### [Problem requirements]
Restate the listing below word for word; no pictures belong in the copy.

### [Source material]
__________

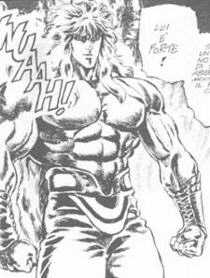 Otaku Gallery  / Anime e Manga / Hokuto No Ken / Manga Scans / Manga Scans (6).jpg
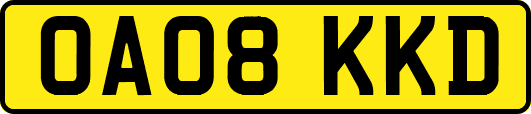 OA08KKD
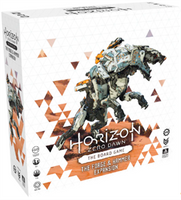 Horizon Zero Dawn - The Forge and Hammer Expansion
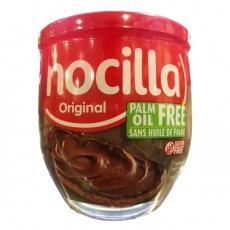 Шоколадна паста Nocilla Original без пальмової олії та глютена 190г Іспанія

__________

### [Your solution]
 Otaku Gallery  / Anime e Manga / Hokuto No Ken / Manga Scans / Manga Scans (6).jpg
 OA08KKD
 Horizon Zero Dawn - The Forge and Hammer Expansion
 Шоколадна паста Nocilla Original без пальмової олії та глютена 190г Іспанія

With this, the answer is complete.